Charles J. Pellerin holds a Ph.D. in astrophysics from Catholic University as well as an executive MBA from Harvard Business School, and is the former decade-long director of NASA's Astrophysics Division, where he oversaw a multi-billion-dollar program, launched a dozen satellites, and led the team that repaired the Hubble Space Telescope. During his career, Dr. Pellerin has earned many awards, including NASA Goddard Space Flight Center’s highest patent-related award for a “Two-axis Fluxgate Magnetometer”, two Outstanding Leadership Medals from NASA for work as their Astrophysics Director, a Distinguished Service Medal from NASA for leadership of the Astrophysics Program, the Space Flight Award from the American Astronautical Society for developing the Great Observatories Program (which garnered over $15B for space astrophysics), and a Presidential Rank Award from U.S. Presidents Ronald Regan and Bill Clinton for his “…sustained superior accomplishments”.
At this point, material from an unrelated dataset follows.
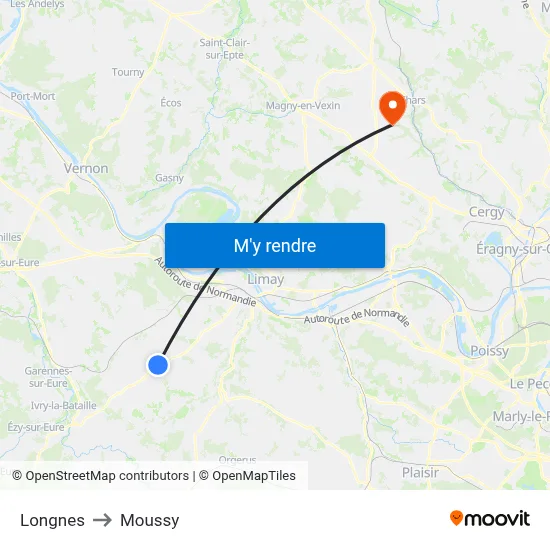 Longnes to Moussy map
Dr. Pellerin was also a Professor of Leadership at the University of Colorado’s Business School at Boulder, where he created and delivered a course on Leadership to undergraduates, MBAs, and executives. In 1995, Dr. Pellerin founded “4-D Systems”, where he supports his current passion supporting human-developers worldwide using his “4-D process” to enhance business performance. His book, How NASA Builds Teams (Wiley, 2009) continues to sell well in English and eight other languages. While Dr. Pellerin continues to receive honors from around the globe, a movie is currently in the works to chronicle his distinguished career and exemplary leadership skills. He currently makes his home in Boulder, Colorado, sharing a fulfilling life with his wife, Junko.
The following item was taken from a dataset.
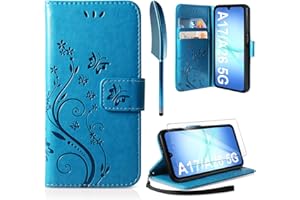 AROYI Lederhülle Kompatibel mit Samsung Galaxy A17 5G/A26 5G Hülle und Schutzfolie, Flip Wallet Handyhülle PU Leder Case Schutzhülle Kompatibel mit Samsung Galaxy A17 5G/A26 5G Blau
Janet L. Barth received a B.S. degree in Mathematics from the University of Maryland, where she pursued graduate studies in computer science, in 1978. Janet has been active in the radiation effects community for over 40 years. She was a lead radiation hardness assurance engineer for NASA space flight programs and supported the NASA Electronic Parts and Packaging (NEPP) Program, which focuses on the reliability of electronic parts for space programs. Ms. Barth was on the proposal team for the NASA Living With a Star (LWS) Program and served on NASA’s LWS Science Architecture Committee. She retired from NASA’s Goddard Space Flight Center (GSFC) in 2014.
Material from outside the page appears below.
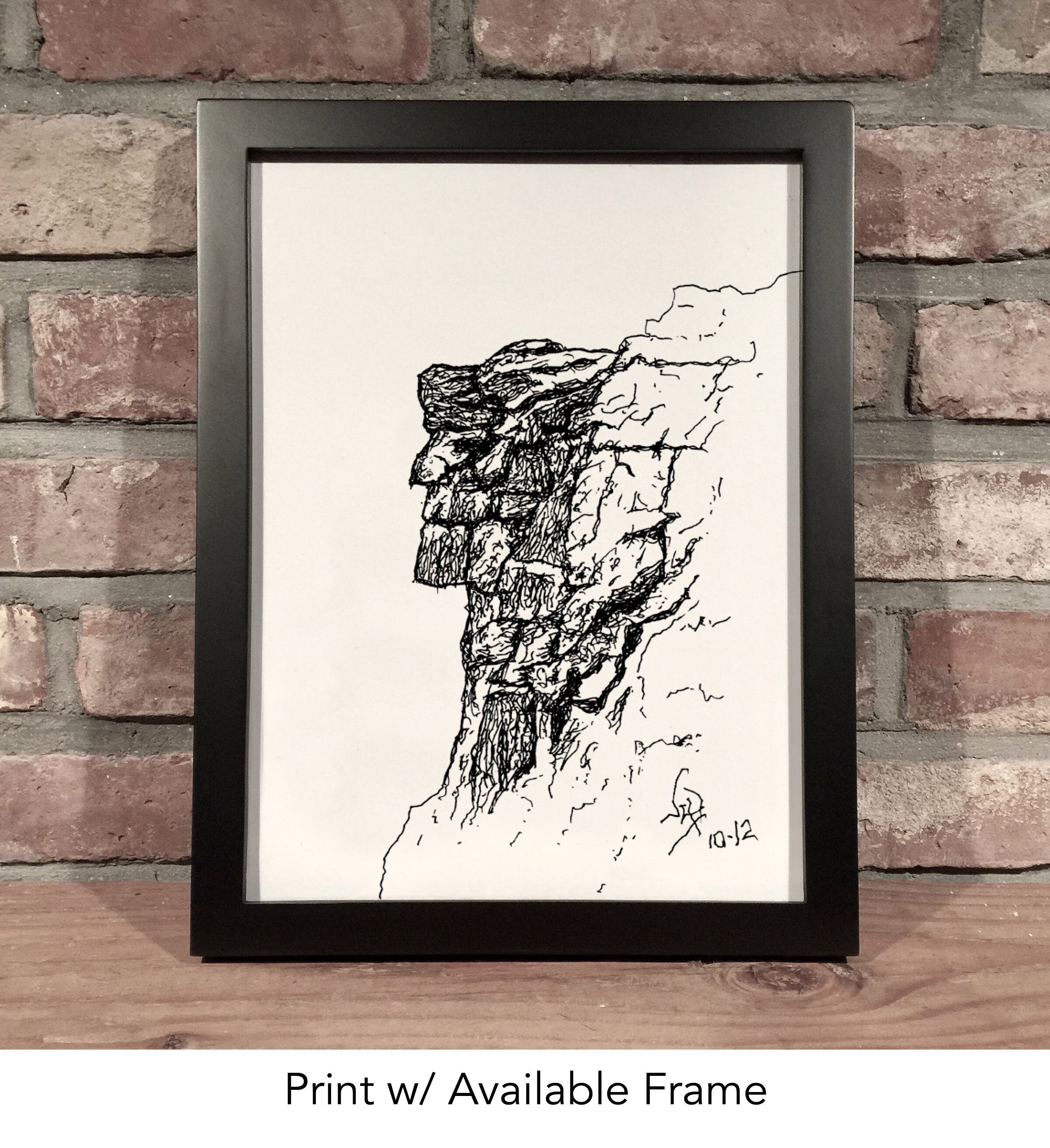 OLD MAN in the MOUNTAIN // Pen & Ink - Art Print - Etsy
At her retirement, she was the Chief of GSFC’s Electrical Engineering Division where she was responsible for the delivery of spacecraft and instrument avionics to NASA’s science missions, including the Solar Dynamics Observatory, the SWIFT Burst Alert Telescope, the Lunar Reconnaissance Orbiter, the Global Precipitation Measurement mission, and the Magnetospheric Multiscale Mission. She also directed the development of microwave and optical communications systems and suborbital avionics systems at NASA’s Wallops Flight Facility.